Utah’s winter predictions are ‘kind of a big shrug emoji,’ says meteorologist
Utah experienced an epic, record-breaking snowfall last winter. It was a skiers’ paradise and a snow-shoeing dream. But to put it frankly, don’t place money that the same winter wonderland will happen again this upcoming season.
The probability of two record-breaking winters in a row is not totally “out of the question,” said Monica Traphagan, senior meteorologist at the National Weather Service in Salt Lake City, but the odds are “extremely low.”
Rather, the winter weather pattern, at least from November to January, is really up in the air.
“It's looking like equal chances of above average or below average precipitation, which I guess is in some ways kind of a big shrug emoji,” said Traphagan.
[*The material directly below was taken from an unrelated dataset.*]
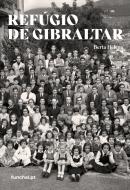 Refúgio de Gibraltar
It is an El Niño year, which usually results in more precipitation. But Utah is unique. El Niño isn’t a defining factor of how the winter will play out like it is in other parts of the county, such as the Pacific Northwest.
Casey Olson, climate data analyst for the Utah Climate Center, said El Niño doesn’t have a “strong statistical relationship” with the northern part of the state. That’s mostly because of where Utah is located. El Niño tends to affect the jet stream or the storm track and Utah is “right in the middle between those two largest impacts.” In other words, we’re tucked away from the areas most affected by El Niño.
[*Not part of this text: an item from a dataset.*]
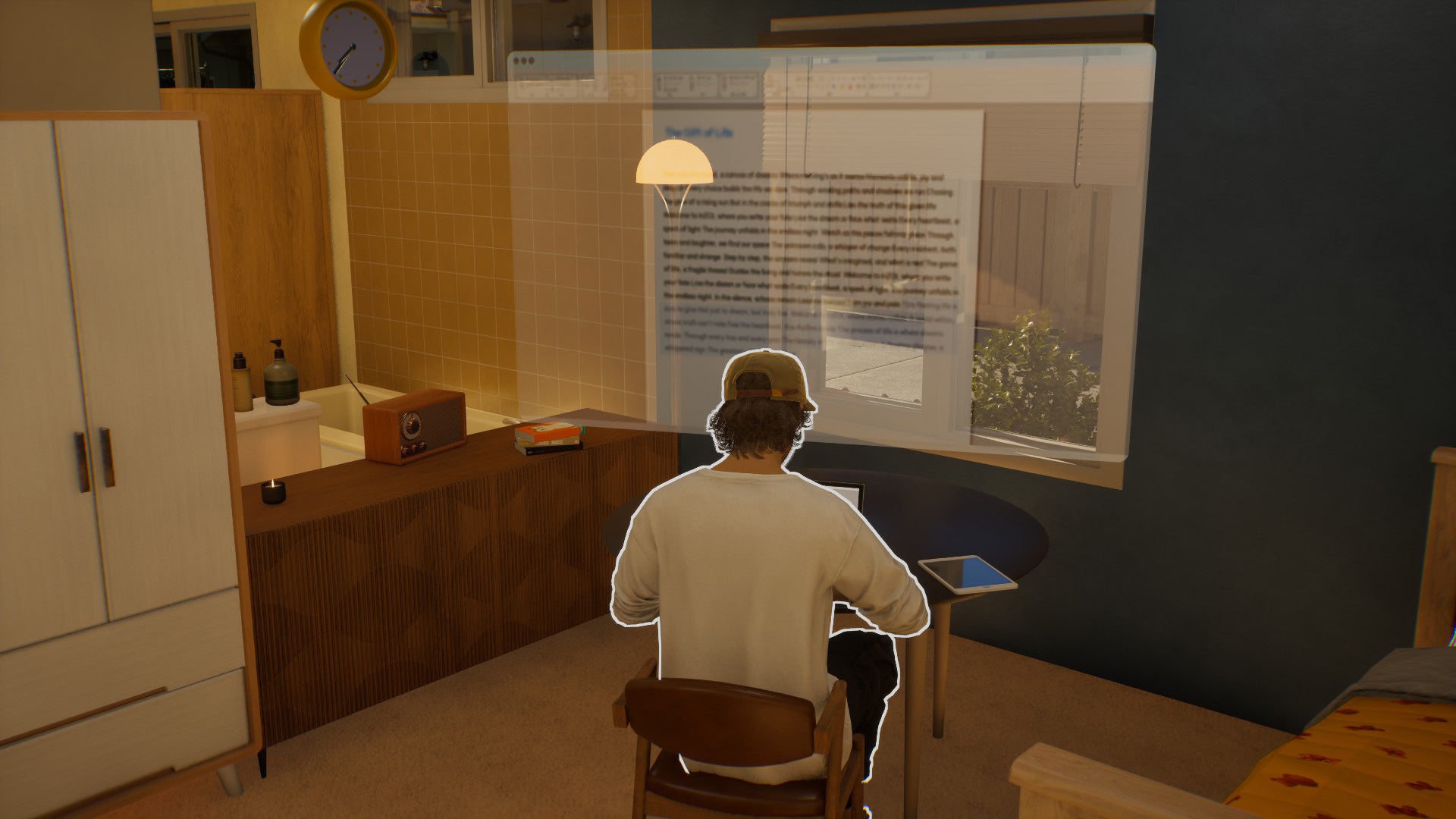 Screenshot: Krafton / Brandon Morgan / Kotaku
Southern Utah is the mild exception since it’s closer to the southwestern section of the jet stream.
“In our sample of El Niños in the past is that southern Utah is slightly favored to be a bit wetter in El Niño,” said Traphagan. “On average there's not a strong indication either way, maybe a slight indication that southern Utah might see some more precipitation.”
A better indication of what the winter could look like, Olson said, are the wet and dry oscillation cycles Utah encounters. And Utah entered into the wet cycle last year.
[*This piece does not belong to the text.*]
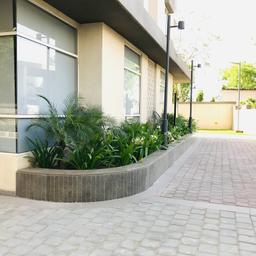 place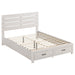 Brantford Bedroom Sets - Visions in Furniture (La Mirada, CA)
“We would not be shocked to see a wetter than average winter this season,” he said.
More precipitation doesn’t necessarily mean more snow, though. Traphagan expects winter temperatures to be a little higher than normal, which could result in more rain. If there is more rain and warmer conditions, the snow tends to be more dense and less like the powder Utah is famous for.
“Having higher than normal temperatures may give you snow that isn't quite as favorable for skiing, for example,” Traphagan said.